Rapport is one of the most used and well known parts of NLP. Most of the time it is wrongly explained as connecting well with other people. The term in fact comes from Milton Erickson. He discovered that if you hypnotize someone it is hard for other people to influence the hypnotized person. This is what it means to have rapport.

The Hermit Speaks. — The art of associating with men rests essentially on one’s skillfulness (which presupposes long exercise) in accepting a repast, in taking a repast, in the cuisine of which one has no confidence. Provided one comes to the table with the hunger of a wolf everything is easy (“the worst society gives thee experience” — as Mephistopheles says) ; but one has not always this wolf’s hunger when one needs it! Alas I how difficult are our fellow-men to digest!
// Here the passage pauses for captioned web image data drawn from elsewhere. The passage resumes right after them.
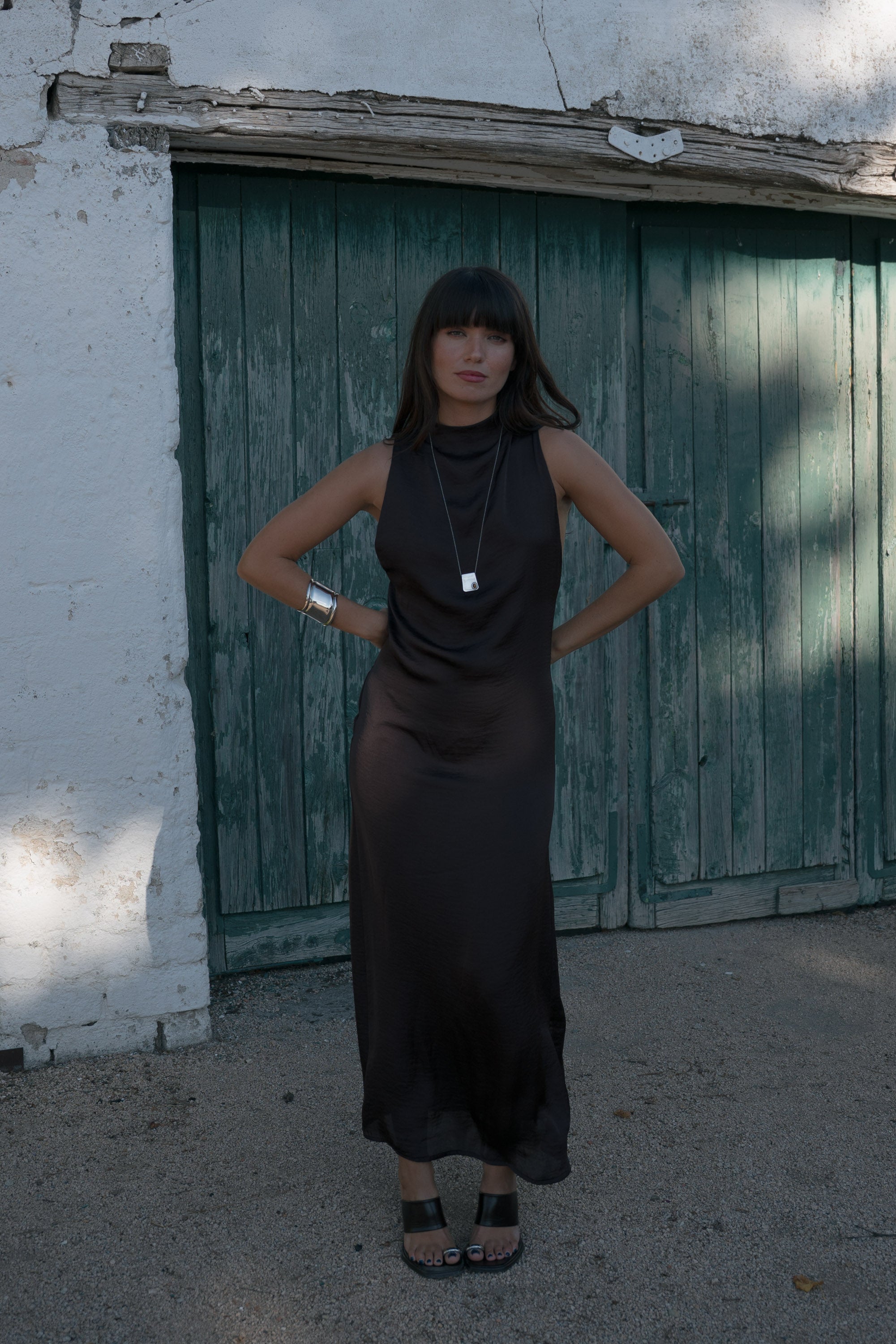 CHOCOLATE LONG DRESS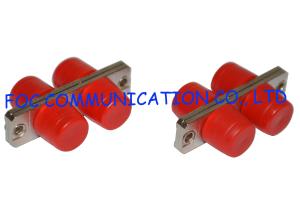 China Rectangular FC SM Duplex Fiber Optic Adapter High Precision Alignment on sale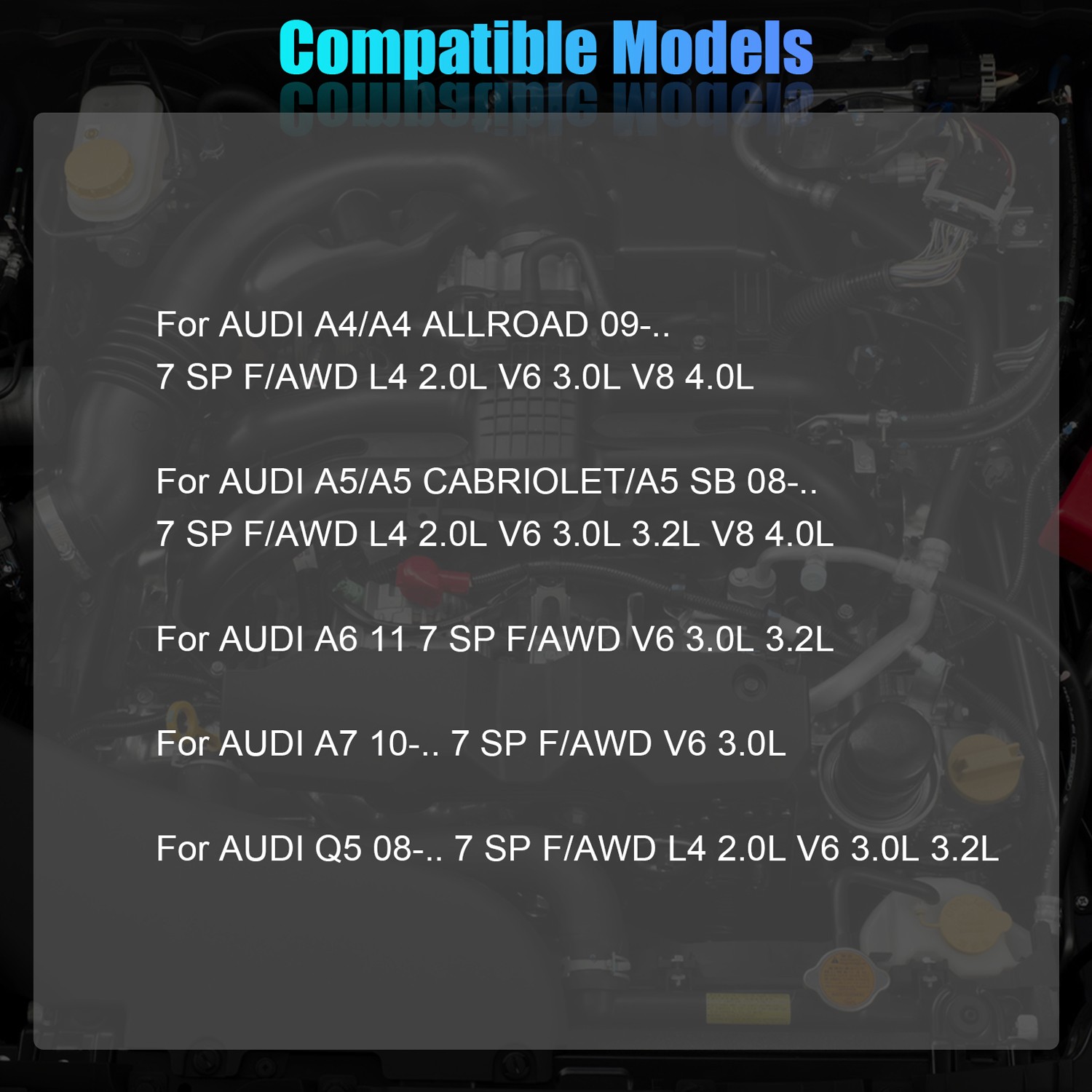 fit for Audi A4 A5 A6 A7 Q5 2008-2011 0B5 DL501 7Speed 0B5 Dual Wet Clutch USA
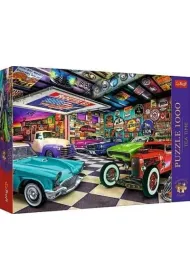 Puzzle 1000 el. Gara� kolekcjonera samochod�w Trefl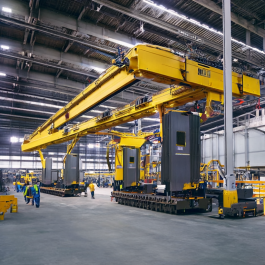 How Double Girder Gantry Cranes Improve Productivity in Manufacturing Facilities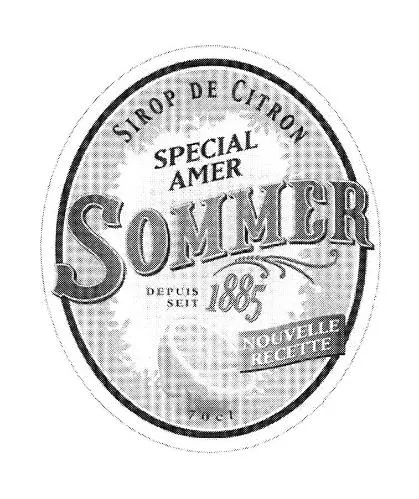 SIROP DE CITRON SPECIAL AMER SOMMER DEPUIS SEIT 1885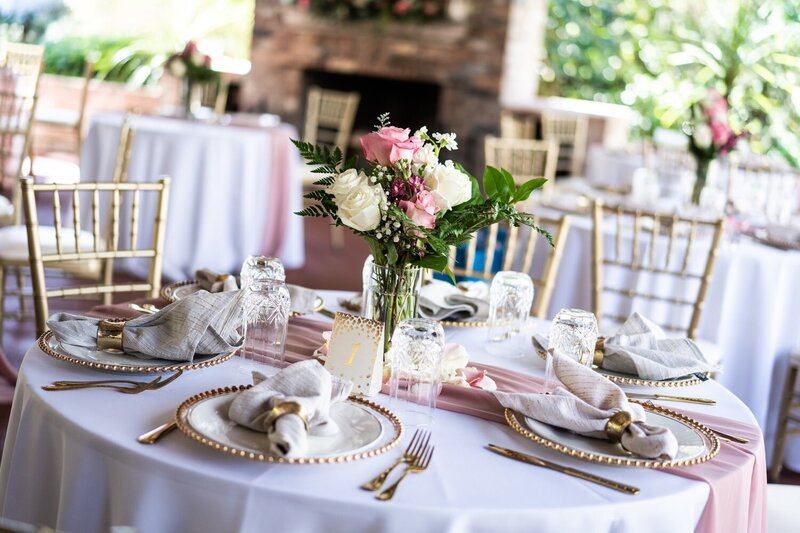 Reception setup at Henry Smith House in Picayune Mississippi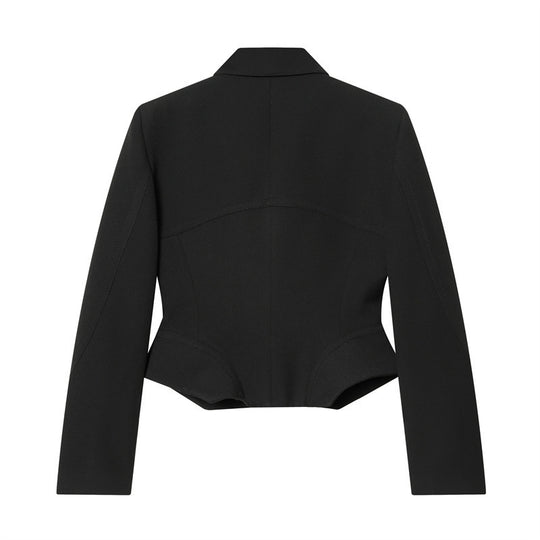 Damen Kurzblazer im Sculpted‑Look mit Wiener Nähten und figurformender Silhouette Shop Nory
First principle: to stake one’s courage as in a misfortune, to seize boldly, to admire oneself at the same time, to take one’s repugnance between one’s teeth, to cram down one’s disgust. Second principle: to “improve” one’s fellow-man, by praise for example, so that he may begin to sweat out his self-complacency ; or to seize a tuft of his good or “interesting” qualities, and pull at it till one gets his whole virtue out, and can put him under the folds of it. Third principle: self-hypnotism. To fix one’s eye on the object of one’s intercourse as on a glass knob, until, ceasing to feel pleasure or pain thereat, one falls asleep unobserved, becomes rigid, and acquires a fixed pose: a household recipe used in married life and in friendship, well tested and prized as indispensable, but not yet scientifically formulated. Its proper name is — patience —

Gay Science paragraph 364

To think that one always needs to make rapport is a mistake. NLP offers different techniques like mirroring as a way to establish if rapport is needed. In many cases there is no need for rapport. In many other cases people have rapport automatically and trying to establish rapport breaks the rapport that was already there.

Trust and intimacy. – He who deliberately seeks to establish an intimacy with another person is usually in doubt as to whether he possesses his trust. He who is sure he is trusted sets little value on intimacy.